- Brief descriptive captions
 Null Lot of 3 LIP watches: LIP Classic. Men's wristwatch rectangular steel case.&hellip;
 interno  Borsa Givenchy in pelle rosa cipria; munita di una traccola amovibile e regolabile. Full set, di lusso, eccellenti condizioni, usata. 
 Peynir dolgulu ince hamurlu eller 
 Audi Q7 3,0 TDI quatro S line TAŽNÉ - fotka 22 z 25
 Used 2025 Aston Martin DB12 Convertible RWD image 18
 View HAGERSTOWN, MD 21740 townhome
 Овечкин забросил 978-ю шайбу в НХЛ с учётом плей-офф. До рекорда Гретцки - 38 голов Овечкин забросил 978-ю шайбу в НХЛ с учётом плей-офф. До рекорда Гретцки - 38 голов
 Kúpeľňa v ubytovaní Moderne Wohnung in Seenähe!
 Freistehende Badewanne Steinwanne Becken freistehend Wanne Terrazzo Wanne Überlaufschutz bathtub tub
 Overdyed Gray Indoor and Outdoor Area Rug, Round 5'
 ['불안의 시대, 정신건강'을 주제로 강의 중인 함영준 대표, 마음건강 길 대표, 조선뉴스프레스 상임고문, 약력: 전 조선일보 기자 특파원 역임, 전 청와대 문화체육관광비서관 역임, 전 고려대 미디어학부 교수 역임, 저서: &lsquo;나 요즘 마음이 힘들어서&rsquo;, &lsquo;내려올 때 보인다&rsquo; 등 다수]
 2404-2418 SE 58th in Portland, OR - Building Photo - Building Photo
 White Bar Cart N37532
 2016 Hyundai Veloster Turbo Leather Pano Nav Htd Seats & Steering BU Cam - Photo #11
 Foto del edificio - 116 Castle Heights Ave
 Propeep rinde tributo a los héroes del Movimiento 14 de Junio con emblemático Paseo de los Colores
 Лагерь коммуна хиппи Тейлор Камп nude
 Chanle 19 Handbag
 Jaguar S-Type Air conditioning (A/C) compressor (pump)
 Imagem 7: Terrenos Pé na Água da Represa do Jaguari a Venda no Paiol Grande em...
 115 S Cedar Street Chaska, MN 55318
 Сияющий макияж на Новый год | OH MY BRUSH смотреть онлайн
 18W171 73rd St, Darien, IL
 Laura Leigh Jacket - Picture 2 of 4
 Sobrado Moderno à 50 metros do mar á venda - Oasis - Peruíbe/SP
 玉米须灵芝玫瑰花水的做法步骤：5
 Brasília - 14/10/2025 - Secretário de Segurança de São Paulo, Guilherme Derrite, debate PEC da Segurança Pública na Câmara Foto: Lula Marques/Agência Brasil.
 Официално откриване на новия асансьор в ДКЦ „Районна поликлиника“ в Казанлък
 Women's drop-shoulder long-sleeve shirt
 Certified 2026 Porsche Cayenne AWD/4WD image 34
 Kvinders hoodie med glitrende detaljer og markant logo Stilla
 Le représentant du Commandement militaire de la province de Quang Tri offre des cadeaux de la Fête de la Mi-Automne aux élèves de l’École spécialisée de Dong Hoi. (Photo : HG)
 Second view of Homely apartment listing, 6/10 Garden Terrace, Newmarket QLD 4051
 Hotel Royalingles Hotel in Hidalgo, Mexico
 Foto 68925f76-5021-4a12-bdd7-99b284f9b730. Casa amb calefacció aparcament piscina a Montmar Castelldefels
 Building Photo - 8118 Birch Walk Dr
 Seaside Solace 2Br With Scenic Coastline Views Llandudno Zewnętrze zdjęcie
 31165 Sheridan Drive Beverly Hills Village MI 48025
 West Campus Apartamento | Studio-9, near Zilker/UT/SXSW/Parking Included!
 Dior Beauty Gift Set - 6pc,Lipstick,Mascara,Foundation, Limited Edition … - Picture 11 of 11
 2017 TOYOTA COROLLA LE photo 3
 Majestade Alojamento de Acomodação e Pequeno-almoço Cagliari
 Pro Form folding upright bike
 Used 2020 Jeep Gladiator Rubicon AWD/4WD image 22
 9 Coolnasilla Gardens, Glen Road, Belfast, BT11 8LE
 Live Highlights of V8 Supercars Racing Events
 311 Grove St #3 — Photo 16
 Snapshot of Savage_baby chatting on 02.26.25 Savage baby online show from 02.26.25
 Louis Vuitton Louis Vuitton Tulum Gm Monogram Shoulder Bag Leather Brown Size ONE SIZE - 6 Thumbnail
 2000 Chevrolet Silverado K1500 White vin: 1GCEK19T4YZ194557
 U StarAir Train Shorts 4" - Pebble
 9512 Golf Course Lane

- What you have to do
Count the lines above that include the word "Used". Reply with that number alone.

- Solution to the problem
2